In the book I'm reading, they give examples of evaluating integrals using CIT by graphing them, which really does help to see if points of a function is analytic in a certain domain. 
For example, in evaluating this integral - how would I be able to plot the function shown in this integral, where C is a circle $|z|=1$ traversed once counter clockwise.  $$\int_{C}\frac{z+i}{z^3+2z^2}$$
Thanks. 
 A: The idea is that you only need to know where the function is singular

In your case it is at $z= 0$ and $z = -2$, but the second point is outside the region of integration, so we do not care about it
$$
\oint_C \frac{z + i}{z^2(z + 2)} {\rm d}z= \oint_C \frac{f(z)}{z^2}{\rm d}z
$$
where the function
$$
f(z) = \frac{z + i}{z + 2}
$$
is well behaved in the region $|z| \leq 1$. The problem is at $z = 0$, where you have second order singularity, so you can use Cauchy's integral form
$$
\left.\frac{{\rm d}^n f}{{\rm d}z^n}\right|_{z = 0} = \frac{n!}{2\pi i}\oint_C \frac{f(z)}{z^{n + 1}}{\rm d}z
$$
with $n = 1$ which yields
$$
\oint_C\frac{z + i}{z^2(z + 2)} = 2 \pi i \frac{{\rm d}}{{\rm d}z}\left(\frac{z + i}{z + 2}\right)_{z = 0} = 2\pi i \left(\frac{1}{2} - \frac{i}{4} \right)
$$
A: Sketch: 
Note that the pole at $z=0$ has order $2$. Use the slightly generalized Cauchy formula for derivatives, 
$$f^{(n)}(a)=\frac{n!}{2\pi i}\oint \frac{f(z)}{(z-a)^{n+1}} \mathrm{d}z,$$
Write the original integrand as $g(z)$ and identify $f(z)$ from $g(z)=f(z)/z^2$ in your case for $n=1$ and $a=0$. Then compute the first derivative of $f$ at $a=0$ to compute the original integral (remember to multiply this by $2\pi i$). This yields $\pi (\frac12 +i)$.

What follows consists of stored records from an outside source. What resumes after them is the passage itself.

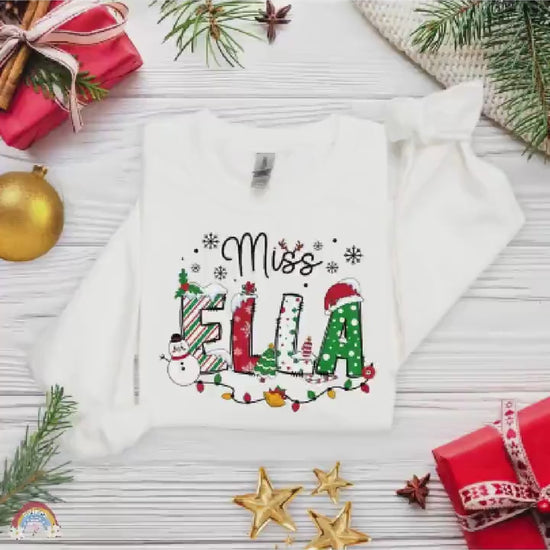 Personalized Christmas Teacher Shirt, Xmas Teacher Name Shirt Custom Teacher Sweatshirt, Teacher Gift, Teacher Santa, Christmas Teacher Gift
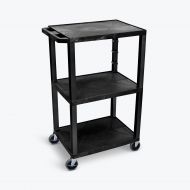 Luxor/H.Wilson 3 Shelf Tuffy Cart, Black (WT42)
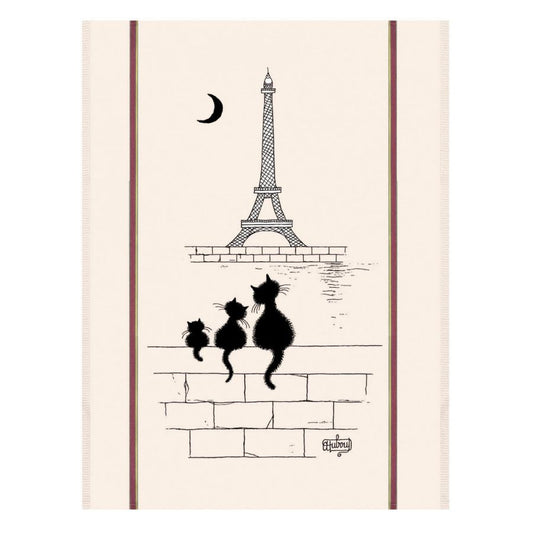 Torchon chat La Tour Eiffel - Ecru
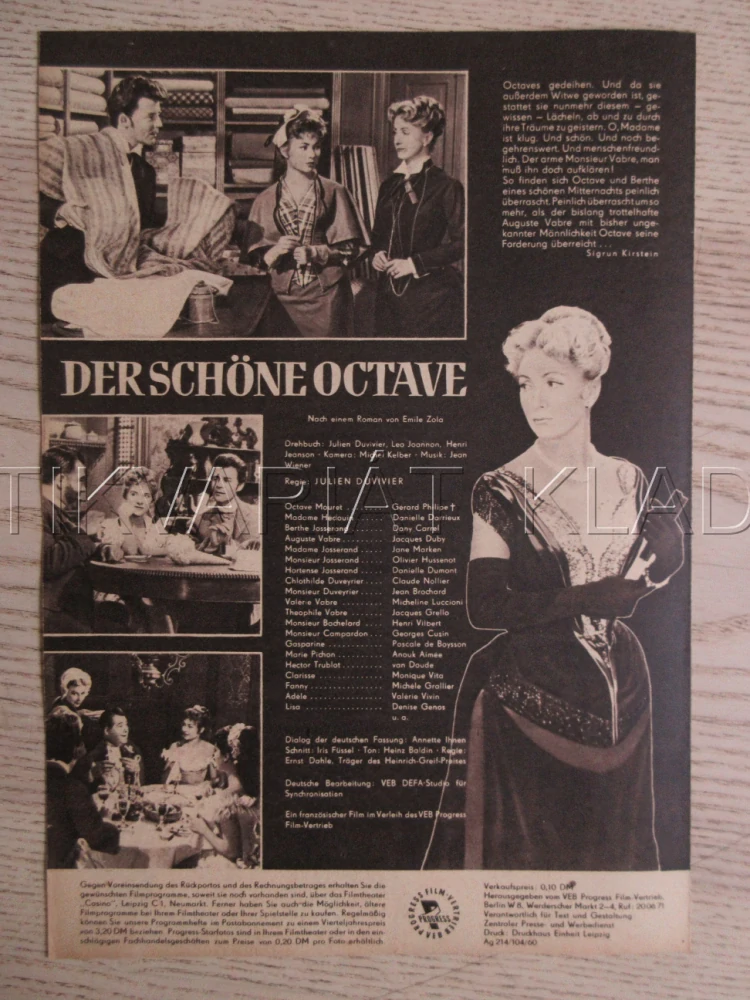 POD POKLIČKOU, DIE SCHÖNE OCTAVE, FILM FR, G. PHILIPE, BIO PROGRAM ČŠ-2 Č. 188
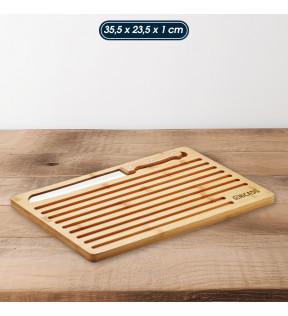 planche à pain avec couteau planche en bambou avec exemple marquage logo Génicado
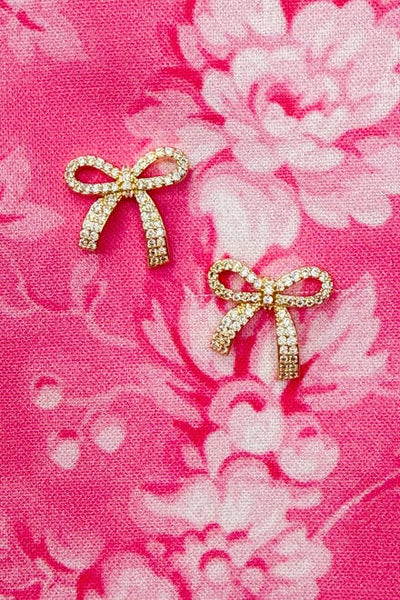 Rhinestone Bow Earrings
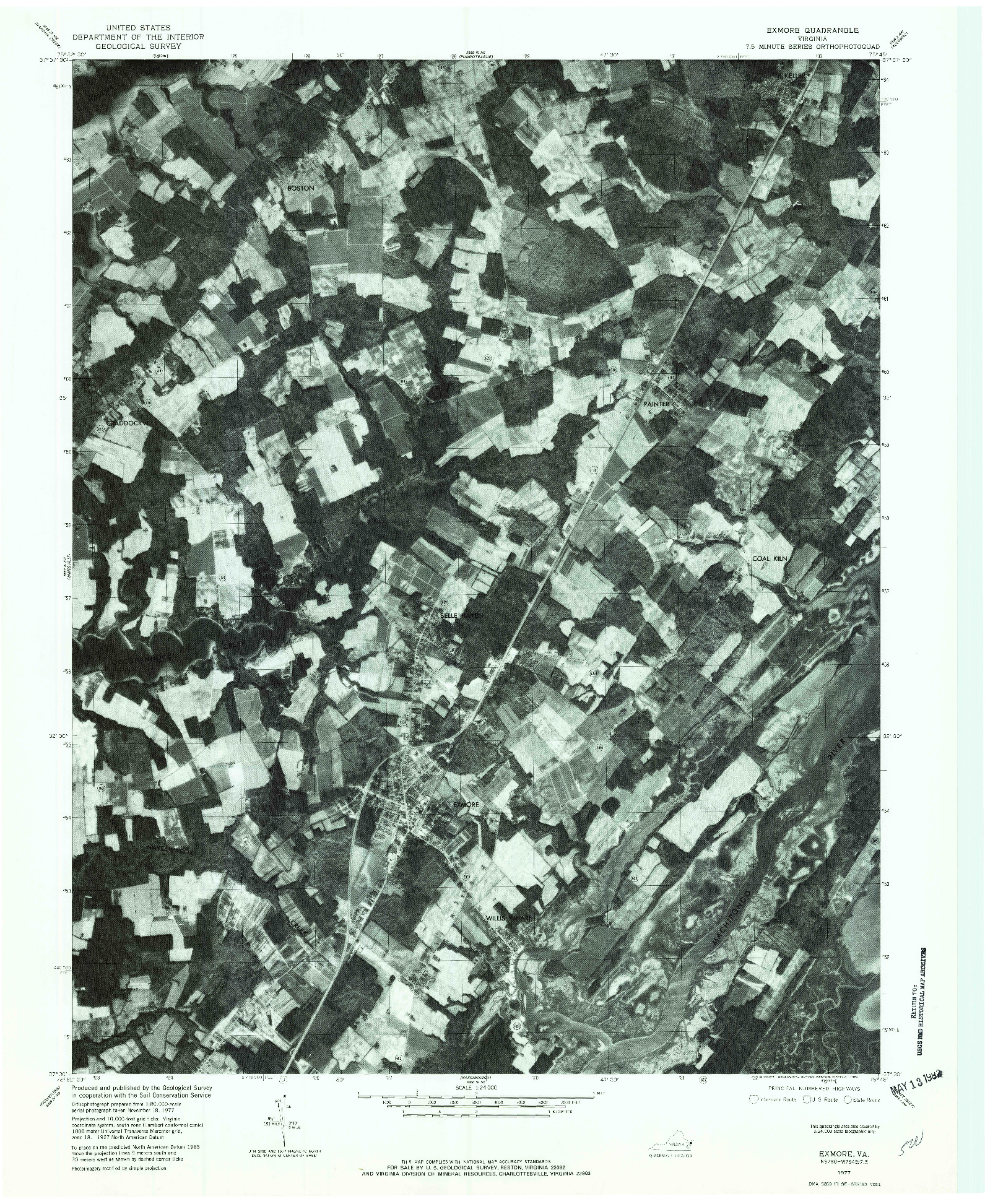 USGS 1:24000-SCALE QUADRANGLE FOR EXMORE, VA 1977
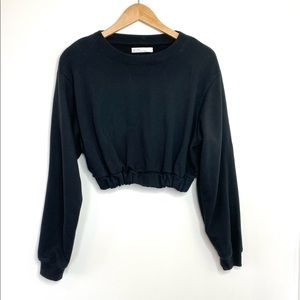 OAK + FORT Black Cropped Sweatshirt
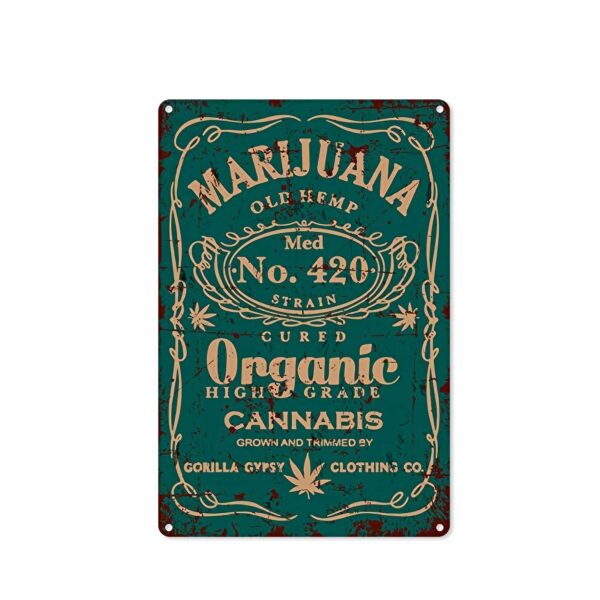 Табличка из жести «Marijuana»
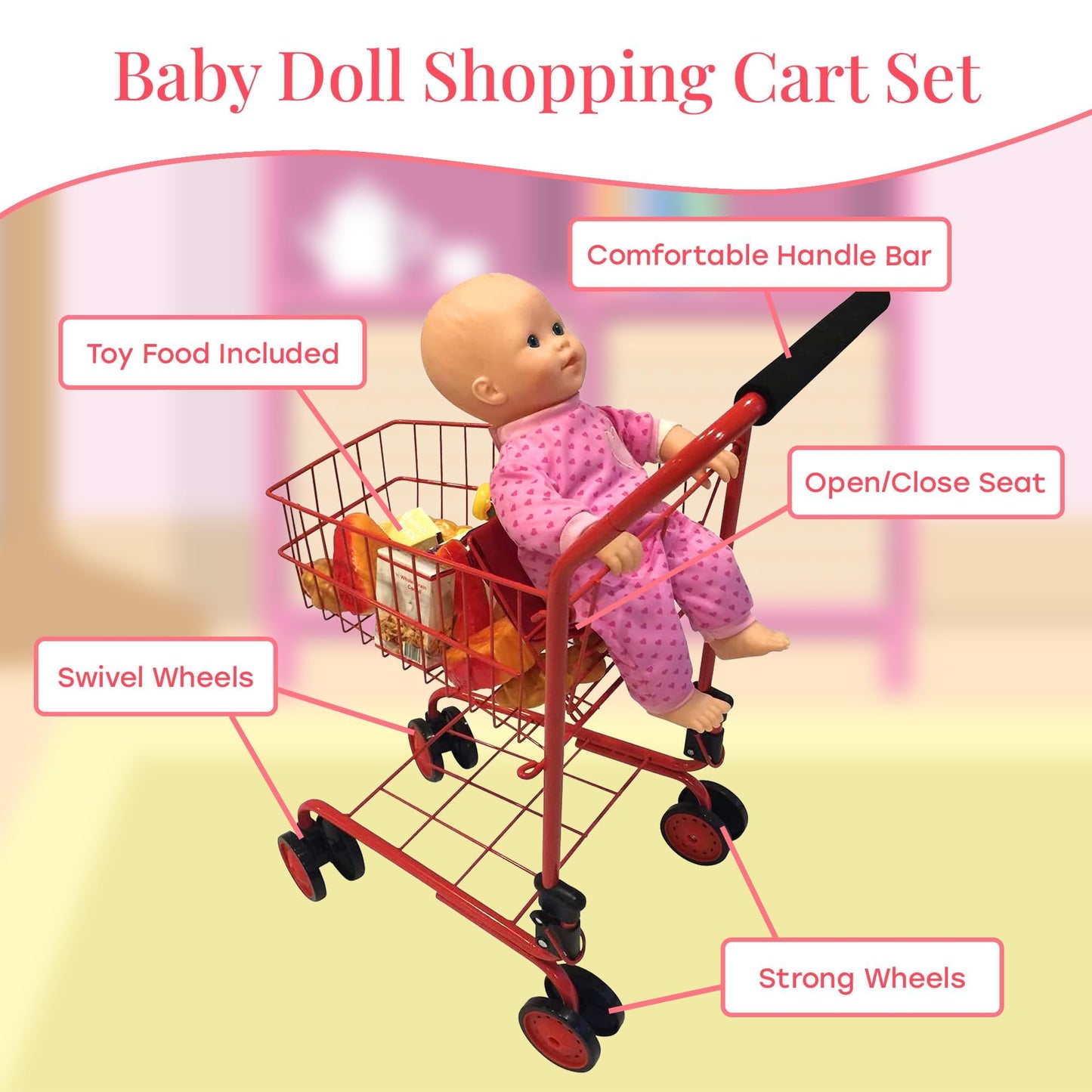 The New York Doll Collection Toy Shopping Cart for Kids – Red with Food, Folds for Easy Storage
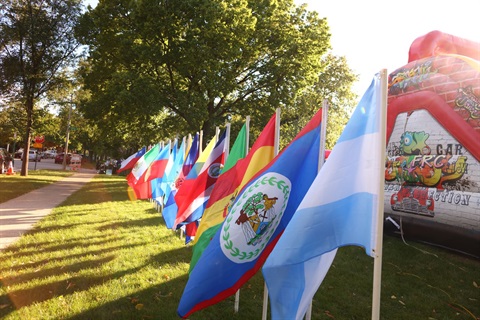 Hispanic Heritage Month flags at Village Hall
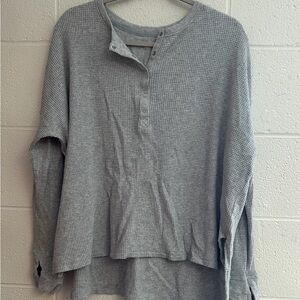 Waffle Knit Henley Long Sleeve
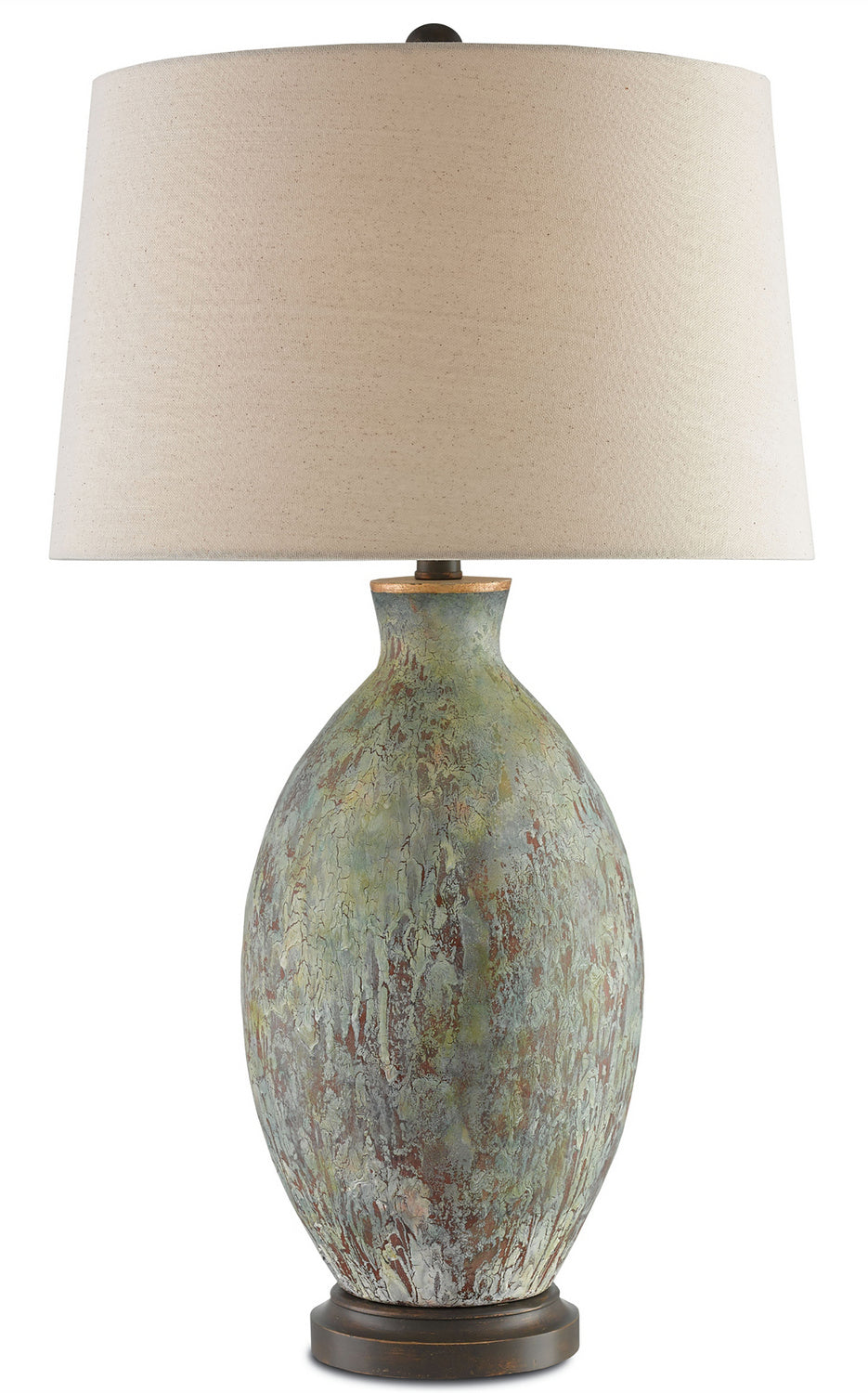 Currey and Company - 6000-0050 - One Light Table Lamp - Remi Table Lamp - Green/Dark Red/Bronze Gold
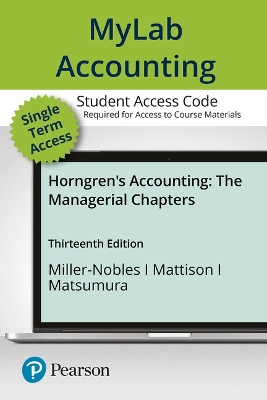 Book cover for Mylab Accounting with Pearson Etext -- Access Card -- For Horngren's Accounting, the Managerial Chapters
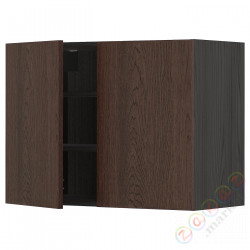 ⭐METOD⭐Навесной шкаф с полками/2 дверь, черный/Sinarp коричневый, 80x60 cm⭐ИКЕА-59466737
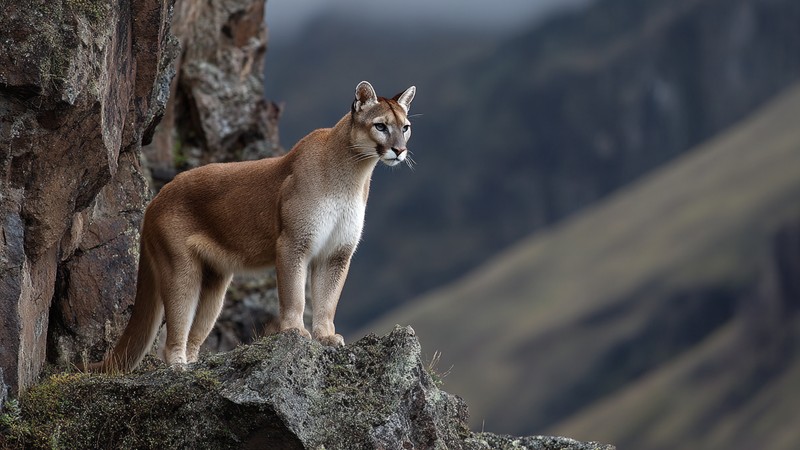 An Andean puma standing alert on a rocky ledge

Be sure to check all hypotheses of the Cauchy integral formula though to justify this rigorously, though (that $f$ is holomorphic inside the curve is required, not $g$, etc). Comment if you want some steps expanded, but preferably with where you got stuck also, or if you spot any typos, etc. It has been some time since I've gotten my hands dirty with contour integrals with only Cauchy's integral formula, however, the example on wikipedia is rather illustrative, though the poles there are only of order 1, unlike here.